Joe, c’est aussi l’Amérique

États-Unis : 1970
Titre original : Joe
Réalisation : John G. Avildsen
Scénario : Norman Wexler
Acteurs : Peter Boyle, Dennis Patrick, Susan Sarandon
Éditeur : ESC Éditions
Durée : 1h47
Genre : Drame
Date de sortie cinéma : 19 avril 1971
Date de sortie DVD/BR : 24 juillet 2024

Bill Compton, un riche publicitaire, ne supporte pas que sa fille Melissa soit en couple avec un dealer. Après une overdose qui la conduit à l’hôpital, Bill se rend chez le petit ami de sa fille et l’assassine dans un accès de colère. Peu après, il rencontre Joe Curran, un ouvrier à qui il confesse son crime…

Le film

[4/5]

Joe, c’est aussi l’Amérique est un film singulier. Réalisé par John G. Avildsen et sorti en 1970, le film du futur réalisateur de Rocky a remporté un franc succès aux États-Unis, notamment en raison des opinions politiques pour le moins tranchées – et très à droite – régulièrement exprimées par le personnage central, qui ont créé la polémique. Tourné dans un style proche du documentaire, le film met en lumière la frustration des « blue collars » américains et autres laissés pour compte d’un système en pleine (r)évolution, et s’impose presque comme une réponse cinglante à Easy Rider (Dennis Hopper, 1969), dans le sens où le récit tend vraiment à faire passer les hippies – et plus largement les jeunes – pour la lie de la société US, composée de drogués, de criminels, de sans-abris et autres sangsues s’en prenant à un système déjà au bord de l’implosion.

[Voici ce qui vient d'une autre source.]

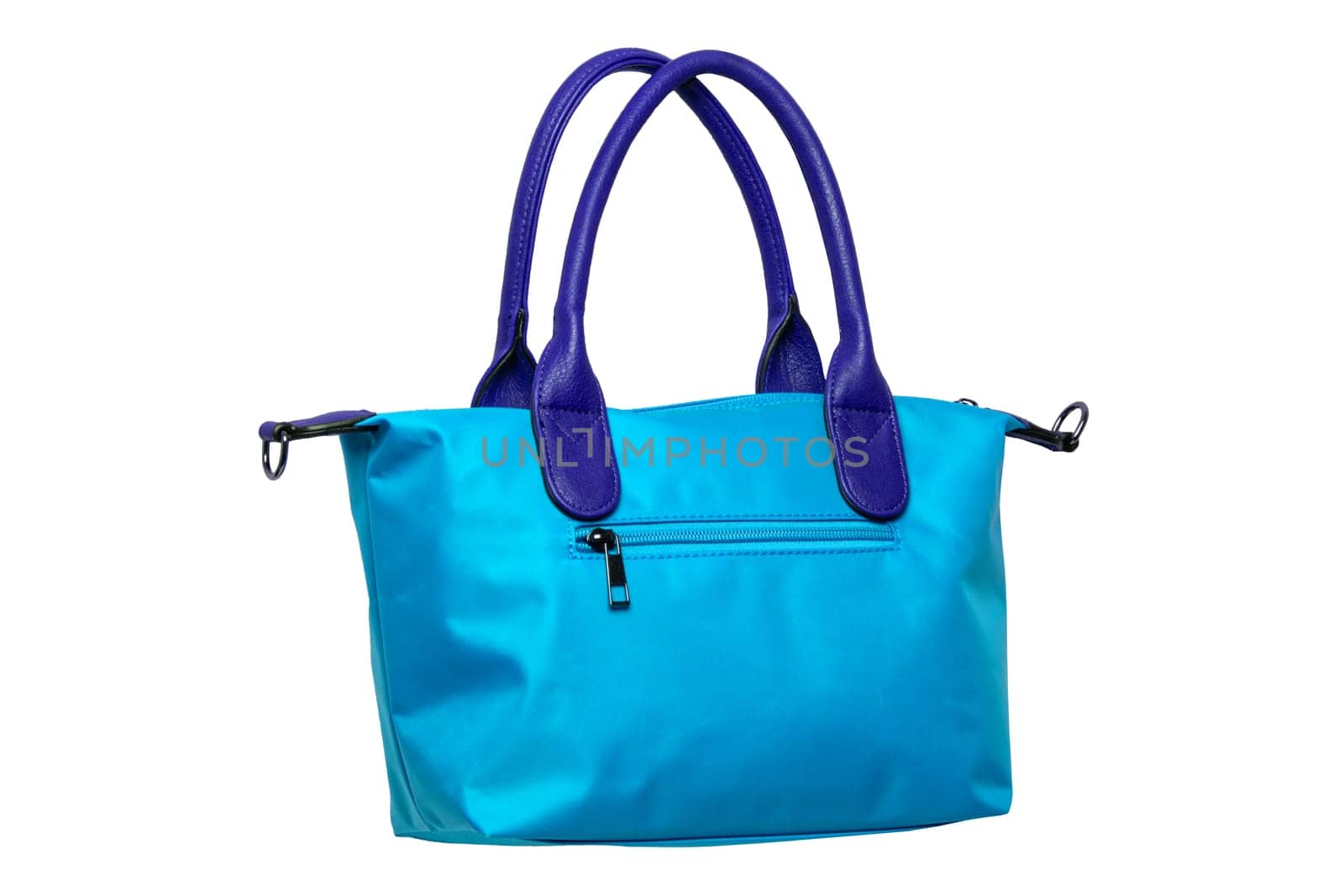 Stylish women's handbag. A fashionable female blue luxury handbag isolated on white. Fashionable womans accessories. Advertising.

Au-delà de sa structure narrative étonnante, qui passe sans transition d’un personnage à un autre tout au long de sa première partie (avant de les regrouper dans son deuxième acte), Joe, c’est aussi l’Amérique est également intéressant dans le sens où le point de départ de son intrigue – la mort d’un dealer par accident – prendra au fil du récit une coloration politique forte, annonçant avec quelques années d’avance les grandes heures à venir du « Vigilante movie » (Un Justicier dans la ville, Exterminator, Exterminator 2, Vigilante…). En effet, en débarrassant la société d’un délinquant notoire, le personnage de Bill s’est substitué à la police ainsi qu’à la justice des hommes, tout comme le fera, pour ne citer que l’exemple le plus célèbre, Paul Kersey / Charles Bronson dans Un Justicier dans la ville.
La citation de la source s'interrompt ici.